Monsieur le président, madame la ministre, madame la présidente de la commission des affaires sociales, monsieur le rapporteur, chers collègues, je tiens à rappeler les enjeux et l’importance de la question de la santé mentale au travers de quelques données chiffrées déjà citées au cours de nos travaux. L’encadrement légal des soins psychiatriques concerne aujourd’hui plus de 60 000 personnes dans notre pays. Le nombre de placements sous contrainte a augmenté de plus de 40 % entre 2006 et 2011.
Aussi, élaborée dans la précipitation et en réponse à des faits divers dramatiques, la loi du 5 juillet 2011, fondée essentiellement sur le concept de dangerosité, a subi à juste titre les critiques de nombreux professionnels de la santé et de la justice, ainsi que des familles des patients. Après deux ans d’application et en raison de l’inconstitutionnalité de plusieurs de ses dispositions, des correctifs s’imposaient. La présente proposition de loi répond largement à cette exigence.
La mission d’information sur la santé mentale et l’avenir de la psychiatrie a commencé dès février – je le rappelle à son président qui se plaignait de la rapidité de l’exercice, mais qui n’est plus là pour entendre mon intervention – un travail approfondi, sérieux et pluraliste. Ce travail, ainsi que l’examen de cette proposition de loi par les deux chambres du Parlement et par la commission mixte paritaire, ont abouti au texte qui nous est présenté aujourd’hui.
Ce texte rompt avec la politique et la vision sécuritaires qui stigmatisent les malades psychiatriques, lesquels peuvent être – il faut le reconnaître – exceptionnellement voire rarement dangereux, et plus souvent victimes de violences et de maltraitances. Cette proposition de loi traduit de réels progrès pour les libertés individuelles, tout en préservant la protection des personnes. J’insiste sur le mot « personnes », car notre société a malheureusement souvent tendance à considérer que les malades souffrant de troubles mentaux ne sont plus des hommes et des femmes à part entière ; or il s’agit d’abord de personnes malades, qui doivent donc être traitées comme telles et non uniquement comme des fauteurs de troubles à l’ordre public ou de menaces envers la société.
Les avancées de ce texte sont nombreuses : suppression du statut légal des UMD, régime spécifique de levée des mesures de soins sans consentement, place du préfet et du juge, assistance du malade par un avocat accessible à tous – je me souviens encore des promesses de notre ministre, qui nous avait rassurés à ce sujet –, révision du régime judiciaire de contrôle des soins psychiatriques sans consentement.
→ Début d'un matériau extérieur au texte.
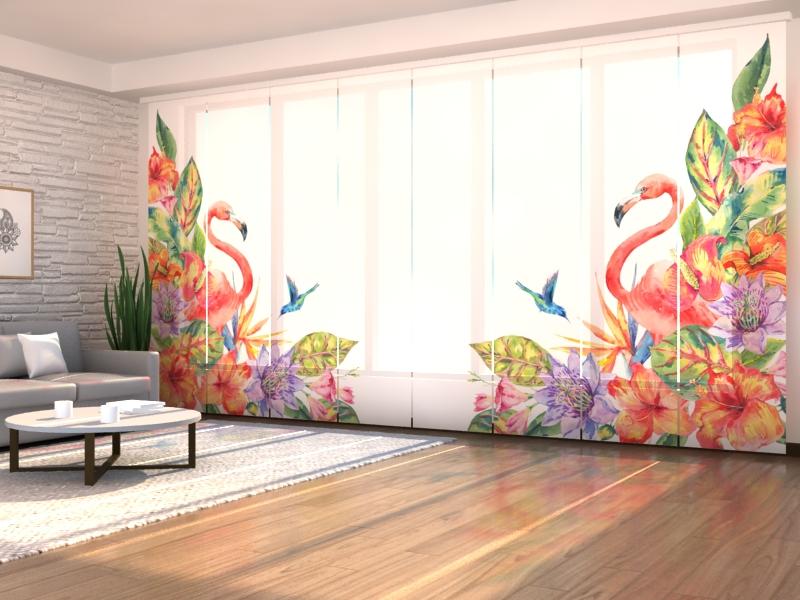 Paneļu aizkari (8 daļas) Tropical Flamingo Home Trends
Le délai de contrôle et d’intervention du juge des libertés et de la détention est ramené à douze jours. Quant au lieu de l’audience, ce texte privilégie un emplacement dédié, préservant l’indépendance de la justice au sein de l’hôpital. Particulièrement attachée à la protection de la vie privée des patients et à la garantie d’un traitement digne, je me réjouis de toutes ces mesures qui évitent la confusion entre patient et délinquant.
Enfin, les attentes des patients, de leur famille et de l’ensemble des professionnels concernés sont encore nombreuses. Comme j’ai eu l’occasion de le dire lors du premier examen de cette proposition de loi par notre assemblée, la question de la santé mentale devra trouver toute sa place dans une grande réforme de la santé, avec une loi sanitaire qui garantisse à la fois la qualité des soins et les libertés individuelles, qui réponde aux besoins des patients et aux attentes des professionnels, qui soit digne d’un pays comme la France, en conformité avec les pratiques européennes et l’évolution de la médecine.
À mon tour, j’adresse mes félicitations à notre rapporteur, Denys Robiliard, pour la qualité du travail qu’il a effectué sans ménagement.
Pour toutes ces raisons, je vous invite, chers collègues, à adopter définitivement cette proposition de loi élaborée par la commission mixte paritaire.